In reality, we're still a long way from the SEC actually doing anything. The agency will have to propose something – probably in conjunction with the Public Company Accounting Oversight Board, which oversees U.S. auditors. Then the rule would have to be debated and probably watered down. Finally, if it is supported (which isn't a slam dunk), it will be implemented.
Then and only then would there be any "crackdown" on any of these specific companies. However, determining which companies the agency might want to investigate will also take more time.
And then there's the issue of the SEC being able to legislate and prosecute actions in another country in which it has no jurisdiction. Of course, the SEC could always use the threat of asking some of these companies to delist from the U.S. exchanges, but I doubt the regulator really wants to push that, especially with some of these high-profile Chinese names. Suddenly, the SEC would have sparked some international diplomatic issue.
To summarize, there's not likely to be any quick action against any of these companies mentioned. What this news means, though, is that the SEC is going after the auditors who stamp approvals on all the financials that get sent over to the SEC every quarter.

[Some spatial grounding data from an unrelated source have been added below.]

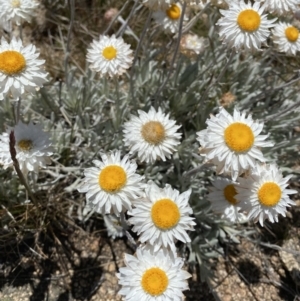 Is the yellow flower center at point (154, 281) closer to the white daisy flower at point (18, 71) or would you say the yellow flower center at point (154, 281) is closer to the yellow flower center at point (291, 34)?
the white daisy flower at point (18, 71)

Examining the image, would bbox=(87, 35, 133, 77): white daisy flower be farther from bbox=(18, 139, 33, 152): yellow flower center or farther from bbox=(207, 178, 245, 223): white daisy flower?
bbox=(207, 178, 245, 223): white daisy flower

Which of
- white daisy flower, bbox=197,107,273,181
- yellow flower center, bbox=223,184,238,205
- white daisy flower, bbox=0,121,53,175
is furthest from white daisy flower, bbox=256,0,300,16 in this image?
white daisy flower, bbox=0,121,53,175

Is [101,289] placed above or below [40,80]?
below

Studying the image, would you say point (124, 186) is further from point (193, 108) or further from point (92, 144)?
point (193, 108)

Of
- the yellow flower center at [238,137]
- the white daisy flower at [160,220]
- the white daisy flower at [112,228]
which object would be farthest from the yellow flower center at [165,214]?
the white daisy flower at [112,228]

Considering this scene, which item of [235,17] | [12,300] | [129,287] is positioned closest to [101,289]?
[12,300]

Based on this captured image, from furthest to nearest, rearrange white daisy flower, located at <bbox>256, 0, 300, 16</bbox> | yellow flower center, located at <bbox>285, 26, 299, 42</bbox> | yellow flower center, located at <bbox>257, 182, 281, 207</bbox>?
yellow flower center, located at <bbox>285, 26, 299, 42</bbox> < white daisy flower, located at <bbox>256, 0, 300, 16</bbox> < yellow flower center, located at <bbox>257, 182, 281, 207</bbox> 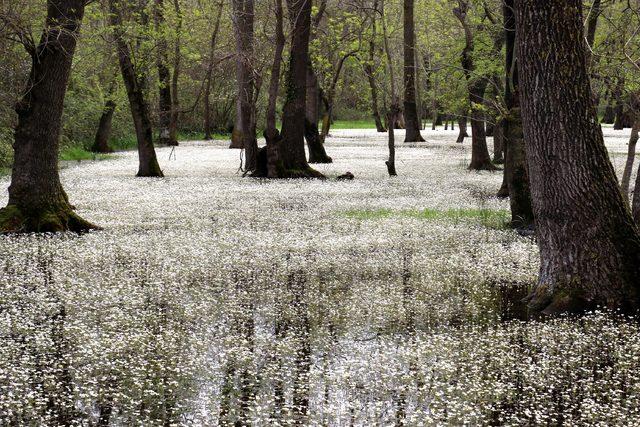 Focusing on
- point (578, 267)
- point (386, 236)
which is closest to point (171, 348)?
point (578, 267)

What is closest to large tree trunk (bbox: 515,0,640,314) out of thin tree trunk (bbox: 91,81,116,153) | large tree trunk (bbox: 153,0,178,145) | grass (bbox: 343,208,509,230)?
grass (bbox: 343,208,509,230)

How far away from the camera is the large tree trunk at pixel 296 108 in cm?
2967

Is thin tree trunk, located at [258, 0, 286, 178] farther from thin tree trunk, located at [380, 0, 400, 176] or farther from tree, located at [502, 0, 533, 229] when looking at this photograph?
tree, located at [502, 0, 533, 229]

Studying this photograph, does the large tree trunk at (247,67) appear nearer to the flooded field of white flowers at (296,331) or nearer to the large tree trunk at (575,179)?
the flooded field of white flowers at (296,331)

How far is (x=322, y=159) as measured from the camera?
3688 cm

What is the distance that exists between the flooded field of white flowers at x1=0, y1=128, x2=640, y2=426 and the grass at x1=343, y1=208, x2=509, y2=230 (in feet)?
0.38

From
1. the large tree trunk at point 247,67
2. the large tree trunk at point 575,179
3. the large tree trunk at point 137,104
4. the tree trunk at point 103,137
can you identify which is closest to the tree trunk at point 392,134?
the large tree trunk at point 247,67

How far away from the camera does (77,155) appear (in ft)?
145

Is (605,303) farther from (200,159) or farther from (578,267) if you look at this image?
(200,159)

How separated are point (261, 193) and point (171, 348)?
52.3ft

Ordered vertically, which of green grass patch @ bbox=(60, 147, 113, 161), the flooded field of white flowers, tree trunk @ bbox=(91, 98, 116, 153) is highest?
tree trunk @ bbox=(91, 98, 116, 153)

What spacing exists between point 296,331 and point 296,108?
847 inches

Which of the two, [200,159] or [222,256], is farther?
[200,159]

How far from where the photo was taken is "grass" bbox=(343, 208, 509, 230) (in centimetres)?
1841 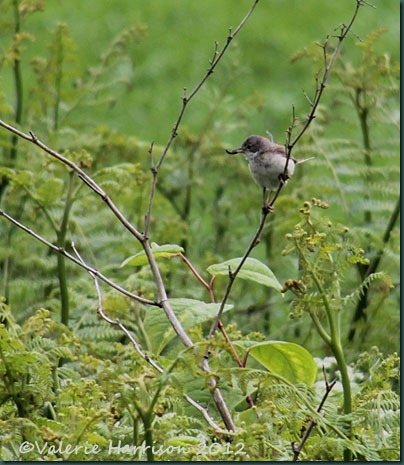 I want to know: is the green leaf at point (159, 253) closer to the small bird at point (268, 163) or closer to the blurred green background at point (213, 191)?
the small bird at point (268, 163)

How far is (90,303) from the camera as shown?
391 cm

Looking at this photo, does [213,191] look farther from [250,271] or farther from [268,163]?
[250,271]

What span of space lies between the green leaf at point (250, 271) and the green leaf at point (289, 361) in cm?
17

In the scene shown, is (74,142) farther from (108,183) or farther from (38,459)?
(38,459)

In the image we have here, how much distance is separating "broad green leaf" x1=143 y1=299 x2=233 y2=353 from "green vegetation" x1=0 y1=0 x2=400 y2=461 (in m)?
0.01

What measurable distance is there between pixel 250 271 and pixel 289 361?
0.92ft

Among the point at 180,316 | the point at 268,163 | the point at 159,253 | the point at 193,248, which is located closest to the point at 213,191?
the point at 193,248

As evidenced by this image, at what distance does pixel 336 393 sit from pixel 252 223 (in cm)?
268

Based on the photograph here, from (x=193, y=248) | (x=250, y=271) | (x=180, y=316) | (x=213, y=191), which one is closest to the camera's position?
(x=180, y=316)

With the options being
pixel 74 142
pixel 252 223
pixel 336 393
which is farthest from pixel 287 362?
pixel 252 223

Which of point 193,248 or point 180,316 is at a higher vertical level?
point 180,316

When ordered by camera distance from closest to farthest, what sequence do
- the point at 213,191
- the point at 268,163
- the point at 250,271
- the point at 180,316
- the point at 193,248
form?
the point at 180,316 < the point at 250,271 < the point at 268,163 < the point at 193,248 < the point at 213,191

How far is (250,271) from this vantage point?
2701 millimetres

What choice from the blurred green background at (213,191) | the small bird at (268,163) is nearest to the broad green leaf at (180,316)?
the small bird at (268,163) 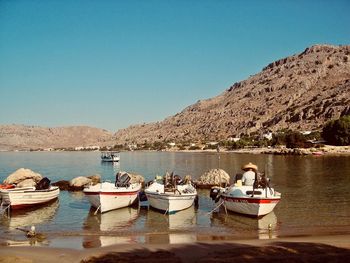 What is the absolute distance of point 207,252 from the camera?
17984 mm

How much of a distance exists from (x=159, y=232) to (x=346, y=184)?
29.2 m

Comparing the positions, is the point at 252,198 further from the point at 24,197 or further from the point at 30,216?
the point at 24,197

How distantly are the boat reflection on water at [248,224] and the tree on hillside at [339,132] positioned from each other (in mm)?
104993

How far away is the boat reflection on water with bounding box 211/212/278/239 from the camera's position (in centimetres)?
2284

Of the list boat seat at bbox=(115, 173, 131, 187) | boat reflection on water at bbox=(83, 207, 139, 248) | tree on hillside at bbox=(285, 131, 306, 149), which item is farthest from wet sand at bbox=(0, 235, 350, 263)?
tree on hillside at bbox=(285, 131, 306, 149)

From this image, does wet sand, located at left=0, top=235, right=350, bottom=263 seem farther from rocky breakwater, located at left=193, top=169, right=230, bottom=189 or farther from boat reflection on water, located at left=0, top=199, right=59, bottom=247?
rocky breakwater, located at left=193, top=169, right=230, bottom=189

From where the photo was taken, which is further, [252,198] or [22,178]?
[22,178]

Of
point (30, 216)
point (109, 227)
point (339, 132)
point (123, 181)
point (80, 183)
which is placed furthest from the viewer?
point (339, 132)

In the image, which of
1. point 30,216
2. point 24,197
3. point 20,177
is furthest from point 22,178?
point 30,216

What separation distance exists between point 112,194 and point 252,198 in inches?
422

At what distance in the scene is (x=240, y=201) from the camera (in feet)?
91.4

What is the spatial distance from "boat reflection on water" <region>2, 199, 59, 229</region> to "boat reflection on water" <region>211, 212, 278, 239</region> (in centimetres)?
1232

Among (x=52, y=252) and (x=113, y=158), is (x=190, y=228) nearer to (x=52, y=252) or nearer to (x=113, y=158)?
(x=52, y=252)

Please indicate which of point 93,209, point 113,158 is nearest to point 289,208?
point 93,209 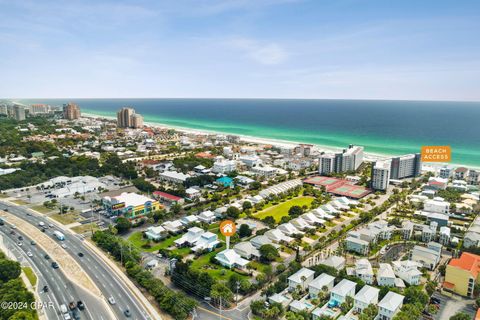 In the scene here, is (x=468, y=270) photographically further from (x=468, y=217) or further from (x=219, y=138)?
(x=219, y=138)

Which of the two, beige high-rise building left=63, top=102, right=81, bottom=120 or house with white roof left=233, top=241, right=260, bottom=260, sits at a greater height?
beige high-rise building left=63, top=102, right=81, bottom=120

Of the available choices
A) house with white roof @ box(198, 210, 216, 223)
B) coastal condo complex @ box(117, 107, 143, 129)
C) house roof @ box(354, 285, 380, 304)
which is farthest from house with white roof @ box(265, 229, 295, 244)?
coastal condo complex @ box(117, 107, 143, 129)

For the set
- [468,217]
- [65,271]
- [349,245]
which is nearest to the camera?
[65,271]

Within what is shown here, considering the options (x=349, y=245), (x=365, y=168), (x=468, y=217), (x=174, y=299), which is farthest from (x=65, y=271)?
(x=365, y=168)

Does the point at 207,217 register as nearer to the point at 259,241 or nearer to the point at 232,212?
the point at 232,212

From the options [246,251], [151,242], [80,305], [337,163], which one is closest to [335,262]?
[246,251]

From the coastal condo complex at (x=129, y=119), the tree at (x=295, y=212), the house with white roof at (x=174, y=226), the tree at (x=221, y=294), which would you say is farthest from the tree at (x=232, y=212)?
the coastal condo complex at (x=129, y=119)

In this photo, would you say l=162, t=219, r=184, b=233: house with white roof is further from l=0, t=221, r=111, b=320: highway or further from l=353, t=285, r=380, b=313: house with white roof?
l=353, t=285, r=380, b=313: house with white roof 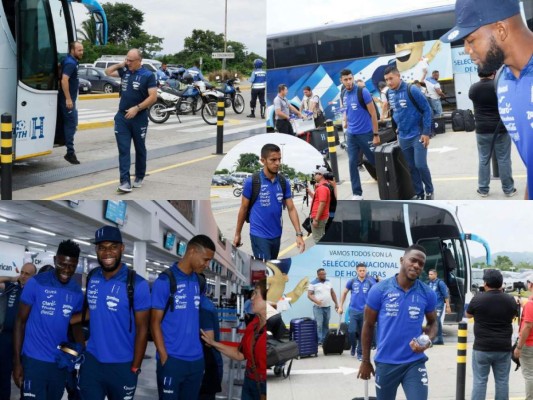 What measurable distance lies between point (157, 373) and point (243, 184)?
1.44 m

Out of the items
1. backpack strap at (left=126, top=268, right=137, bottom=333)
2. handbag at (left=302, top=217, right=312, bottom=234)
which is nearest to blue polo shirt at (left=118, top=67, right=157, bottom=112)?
handbag at (left=302, top=217, right=312, bottom=234)

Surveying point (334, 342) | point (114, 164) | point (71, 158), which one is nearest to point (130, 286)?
point (334, 342)

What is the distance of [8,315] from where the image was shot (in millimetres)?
5090

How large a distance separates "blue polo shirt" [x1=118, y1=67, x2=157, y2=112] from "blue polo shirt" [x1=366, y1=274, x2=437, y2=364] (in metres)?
2.60

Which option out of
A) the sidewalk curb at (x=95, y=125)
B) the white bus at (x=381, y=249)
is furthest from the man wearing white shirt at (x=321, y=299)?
the sidewalk curb at (x=95, y=125)

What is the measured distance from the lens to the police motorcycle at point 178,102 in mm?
9820

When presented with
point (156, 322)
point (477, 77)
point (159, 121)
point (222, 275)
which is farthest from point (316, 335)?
point (159, 121)

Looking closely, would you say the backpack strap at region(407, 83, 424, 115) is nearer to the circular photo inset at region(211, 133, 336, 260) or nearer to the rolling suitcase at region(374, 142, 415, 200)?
the rolling suitcase at region(374, 142, 415, 200)

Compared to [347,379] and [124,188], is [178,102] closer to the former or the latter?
[124,188]

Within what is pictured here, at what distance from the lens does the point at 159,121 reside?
9891 millimetres

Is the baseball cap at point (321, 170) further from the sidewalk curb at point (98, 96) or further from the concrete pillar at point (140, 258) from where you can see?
the sidewalk curb at point (98, 96)

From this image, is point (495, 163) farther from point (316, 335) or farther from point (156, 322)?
point (156, 322)

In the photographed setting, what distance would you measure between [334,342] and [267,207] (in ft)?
3.13

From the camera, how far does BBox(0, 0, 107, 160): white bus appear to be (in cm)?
673
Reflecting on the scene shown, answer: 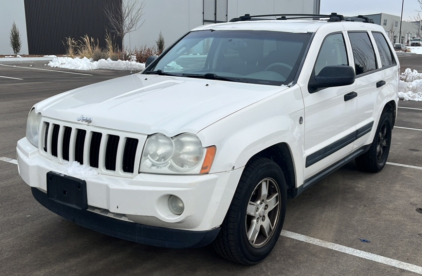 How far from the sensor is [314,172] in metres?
4.06

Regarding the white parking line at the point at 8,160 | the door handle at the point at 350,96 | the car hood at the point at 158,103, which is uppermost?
the car hood at the point at 158,103

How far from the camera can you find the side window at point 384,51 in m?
5.60

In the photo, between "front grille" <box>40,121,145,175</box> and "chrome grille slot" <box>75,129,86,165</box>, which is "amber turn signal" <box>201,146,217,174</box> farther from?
"chrome grille slot" <box>75,129,86,165</box>

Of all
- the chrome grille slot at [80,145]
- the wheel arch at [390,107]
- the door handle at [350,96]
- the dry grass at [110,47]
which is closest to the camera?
the chrome grille slot at [80,145]

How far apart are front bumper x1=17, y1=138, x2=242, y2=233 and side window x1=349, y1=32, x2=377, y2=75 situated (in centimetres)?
258

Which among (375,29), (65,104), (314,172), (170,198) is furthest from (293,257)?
(375,29)

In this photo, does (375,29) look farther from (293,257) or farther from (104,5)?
(104,5)

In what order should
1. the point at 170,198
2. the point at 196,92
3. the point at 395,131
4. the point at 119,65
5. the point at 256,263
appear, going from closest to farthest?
the point at 170,198 → the point at 256,263 → the point at 196,92 → the point at 395,131 → the point at 119,65

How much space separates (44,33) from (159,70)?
27.4 meters

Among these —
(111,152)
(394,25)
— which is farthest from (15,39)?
(394,25)

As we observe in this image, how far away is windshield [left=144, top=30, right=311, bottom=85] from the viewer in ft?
13.2

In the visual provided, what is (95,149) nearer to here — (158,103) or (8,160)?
(158,103)

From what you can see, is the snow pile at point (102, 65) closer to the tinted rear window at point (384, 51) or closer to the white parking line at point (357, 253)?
the tinted rear window at point (384, 51)

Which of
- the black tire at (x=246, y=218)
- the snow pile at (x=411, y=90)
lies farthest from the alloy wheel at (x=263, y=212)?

Part of the market reaction today is a fear or expectation that this action will result in these auditors being much more fastidious in their jobs and asking tougher questions of their Chinese audit clients.
What it could lead to is more delays of filing their 20-Fs, which is the equivalent of U.S. companies' 10-Ks with full financials for the year.
If any of these Chinese companies were to suffer from a delay in filing their 20-Fs, they know that investors would sell first and ask questions later. None of them wants that.
There was a lot of concern earlier this year that Qihoo 360 wouldn't be able to file its 20-F. The company did, and its stock has almost doubled since then.
This SEC report is in the news today, but it will probably be forgotten in a week or two.